**WHAT YOU NEED TO DO:**
Print the entries that appear below, exactly as written and without their pictures.

#### DATA FOR PROCESSING

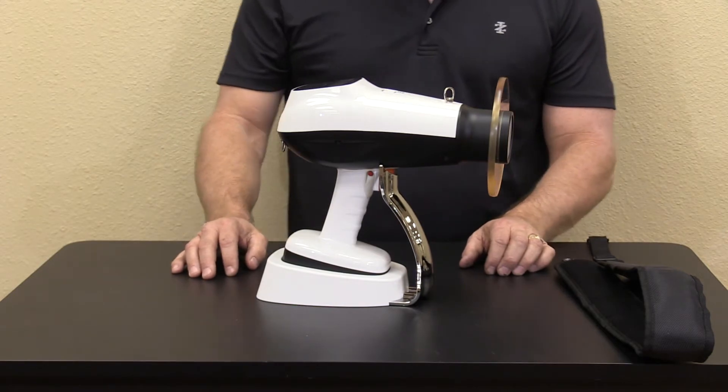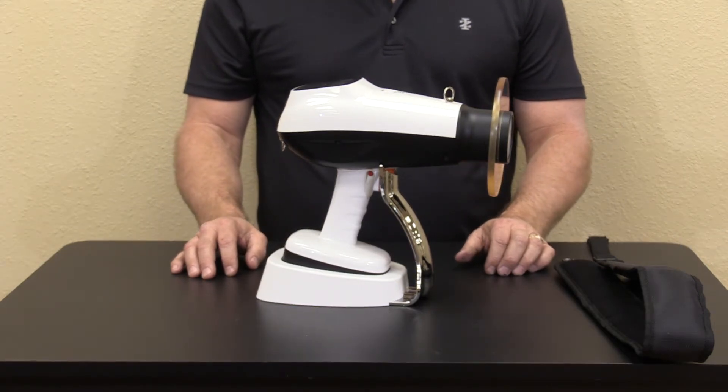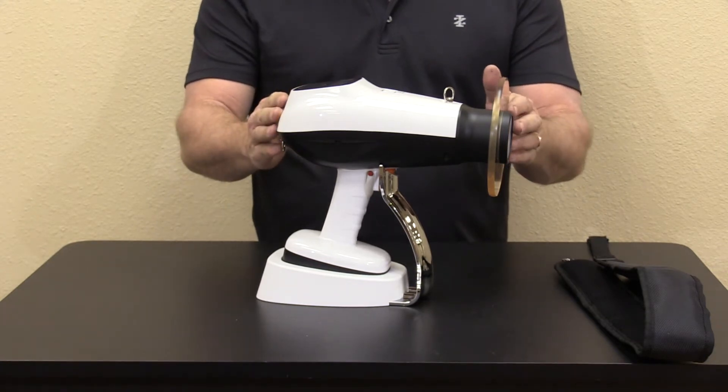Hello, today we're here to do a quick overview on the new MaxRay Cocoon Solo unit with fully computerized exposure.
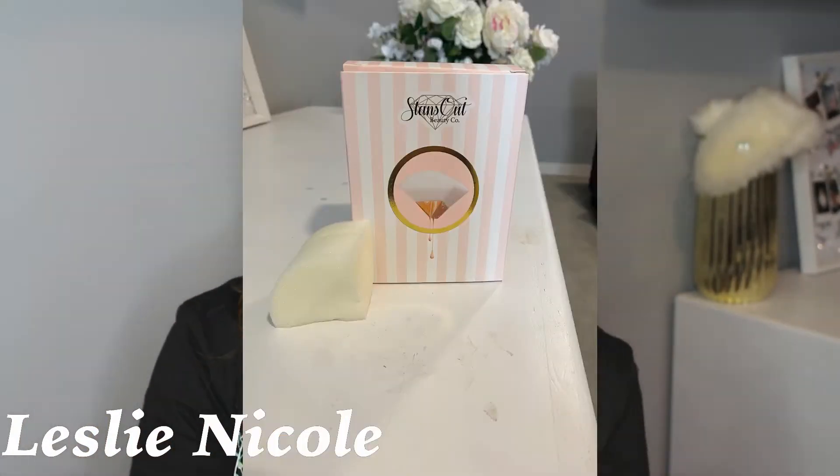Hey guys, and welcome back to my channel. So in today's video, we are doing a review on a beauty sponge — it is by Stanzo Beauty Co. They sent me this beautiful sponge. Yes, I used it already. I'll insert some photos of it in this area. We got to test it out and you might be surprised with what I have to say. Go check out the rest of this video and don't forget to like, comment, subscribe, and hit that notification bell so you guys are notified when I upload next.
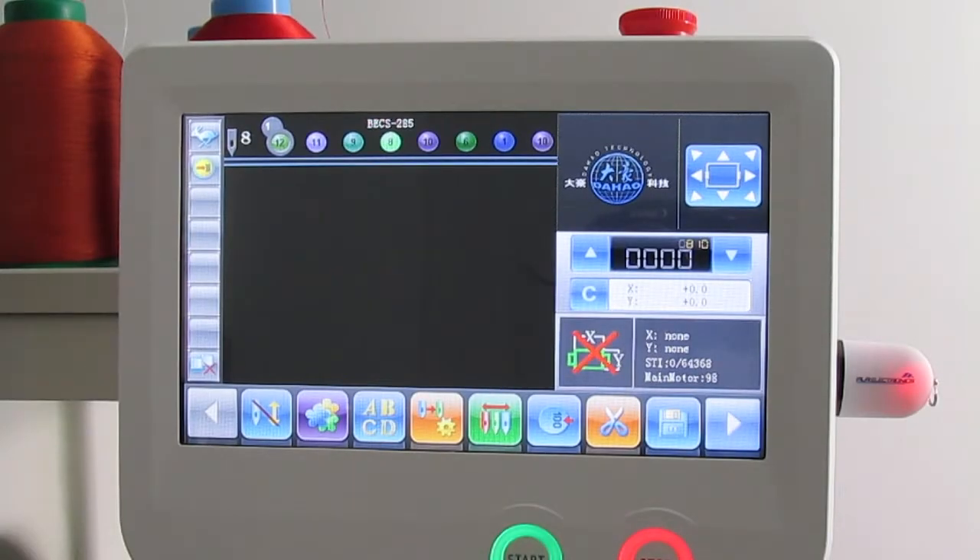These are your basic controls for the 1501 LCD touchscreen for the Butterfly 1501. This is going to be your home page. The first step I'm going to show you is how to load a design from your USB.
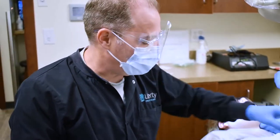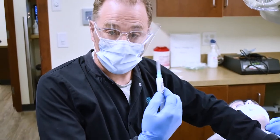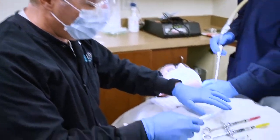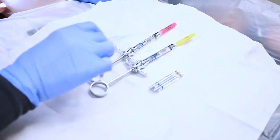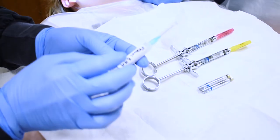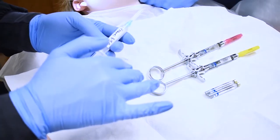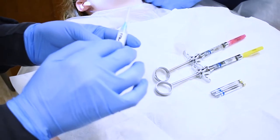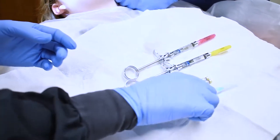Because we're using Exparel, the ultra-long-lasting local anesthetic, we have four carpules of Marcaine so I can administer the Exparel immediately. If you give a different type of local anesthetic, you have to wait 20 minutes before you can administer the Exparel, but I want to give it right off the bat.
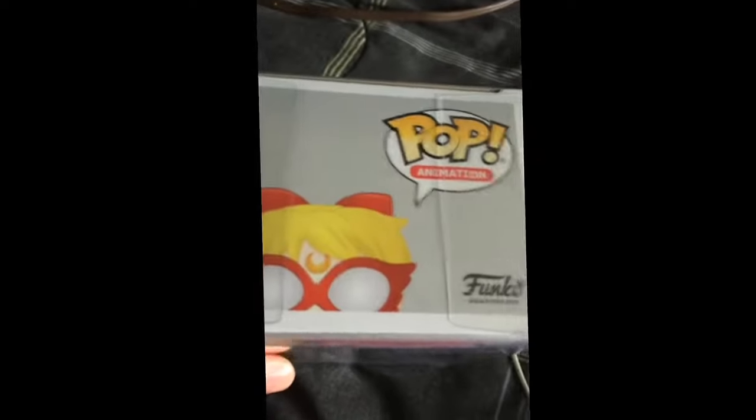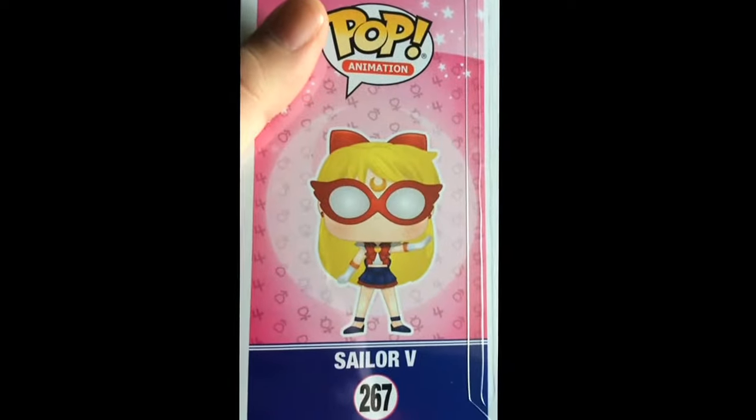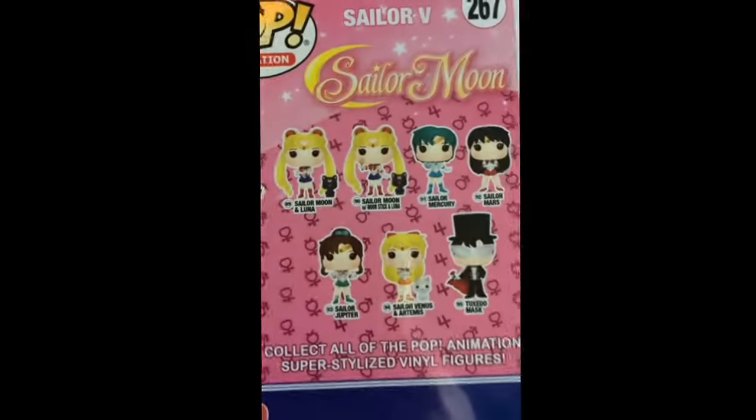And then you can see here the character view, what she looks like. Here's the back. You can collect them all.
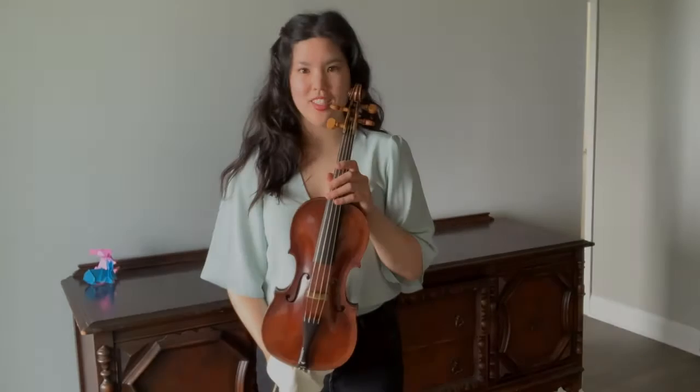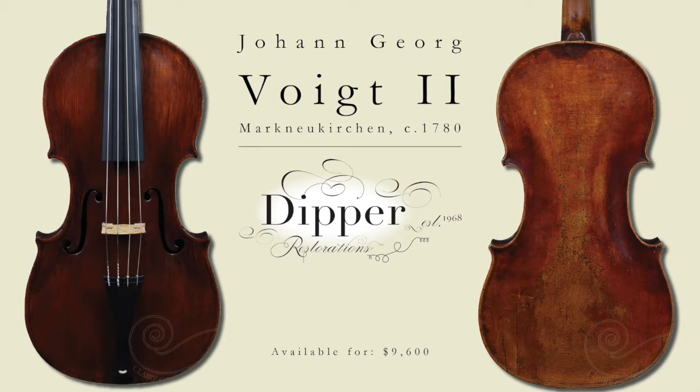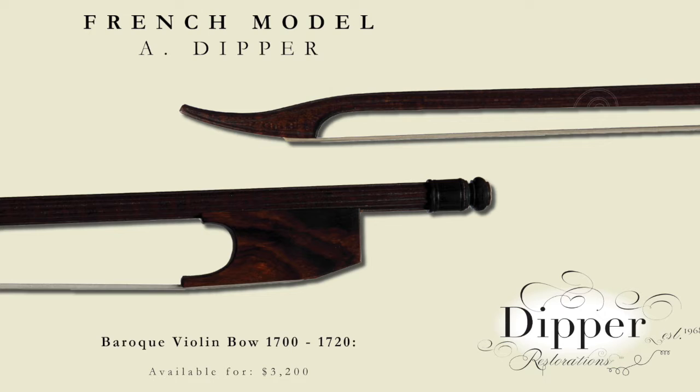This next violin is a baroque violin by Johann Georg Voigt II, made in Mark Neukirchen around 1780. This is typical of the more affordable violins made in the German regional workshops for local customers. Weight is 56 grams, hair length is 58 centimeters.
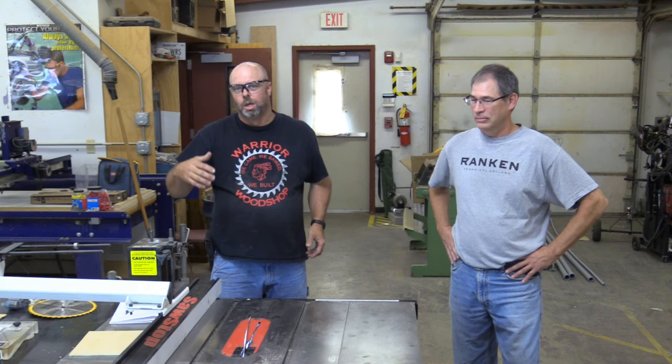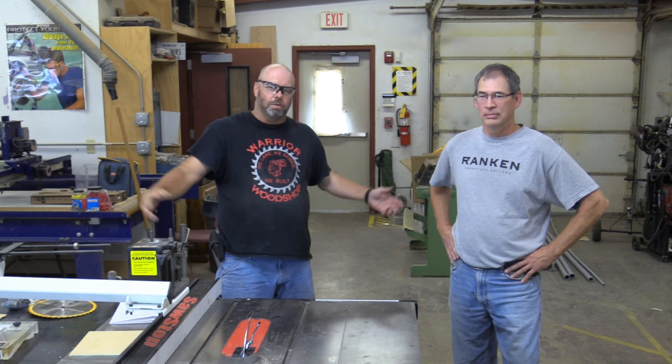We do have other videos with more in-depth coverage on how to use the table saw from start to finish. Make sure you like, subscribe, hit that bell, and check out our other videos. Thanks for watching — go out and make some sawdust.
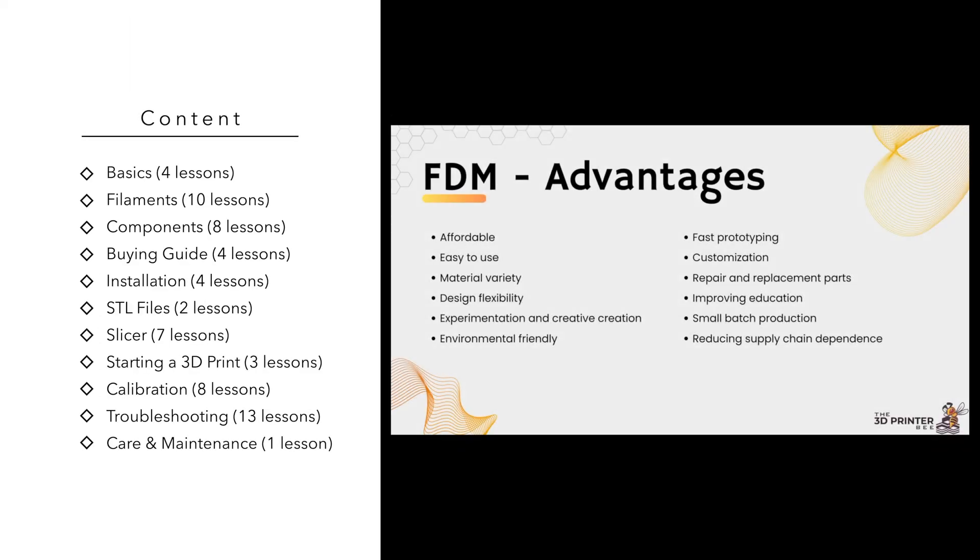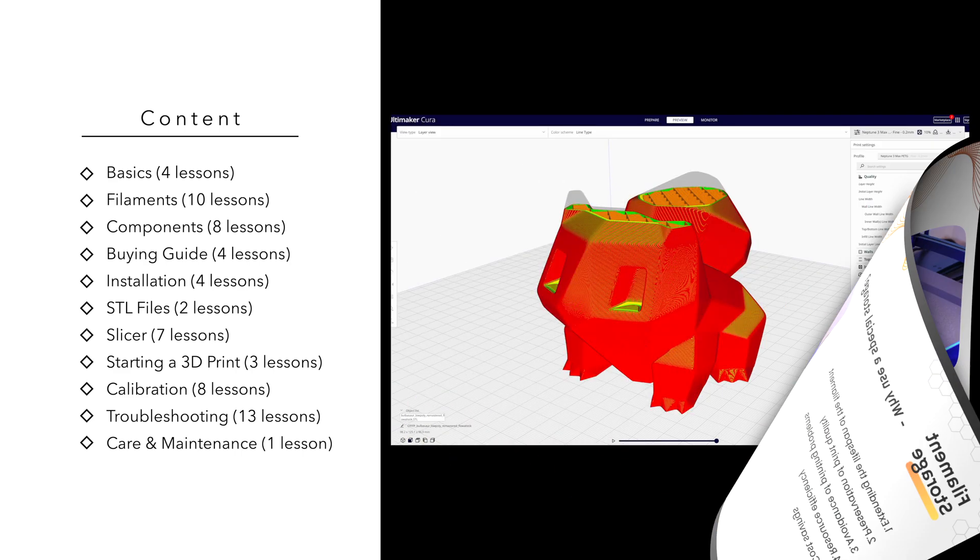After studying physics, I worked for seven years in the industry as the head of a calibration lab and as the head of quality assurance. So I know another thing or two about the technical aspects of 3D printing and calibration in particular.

########

**YOUR RESPONSE:**
Hello, today we're here to do a quick overview on the new MaxRay Cocoon Solo unit with fully computerized exposure.
Hey guys, and welcome back to my channel. So in today's video, we are doing a review on a beauty sponge — it is by Stanzo Beauty Co. They sent me this beautiful sponge. Yes, I used it already. I'll insert some photos of it in this area. We got to test it out and you might be surprised with what I have to say. Go check out the rest of this video and don't forget to like, comment, subscribe, and hit that notification bell so you guys are notified when I upload next.
These are your basic controls for the 1501 LCD touchscreen for the Butterfly 1501. This is going to be your home page. The first step I'm going to show you is how to load a design from your USB.
Because we're using Exparel, the ultra-long-lasting local anesthetic, we have four carpules of Marcaine so I can administer the Exparel immediately. If you give a different type of local anesthetic, you have to wait 20 minutes before you can administer the Exparel, but I want to give it right off the bat.
And then you can see here the character view, what she looks like. Here's the back. You can collect them all.
This next violin is a baroque violin by Johann Georg Voigt II, made in Mark Neukirchen around 1780. This is typical of the more affordable violins made in the German regional workshops for local customers. Weight is 56 grams, hair length is 58 centimeters.
We do have other videos with more in-depth coverage on how to use the table saw from start to finish. Make sure you like, subscribe, hit that bell, and check out our other videos. Thanks for watching — go out and make some sawdust.
After studying physics, I worked for seven years in the industry as the head of a calibration lab and as the head of quality assurance. So I know another thing or two about the technical aspects of 3D printing and calibration in particular.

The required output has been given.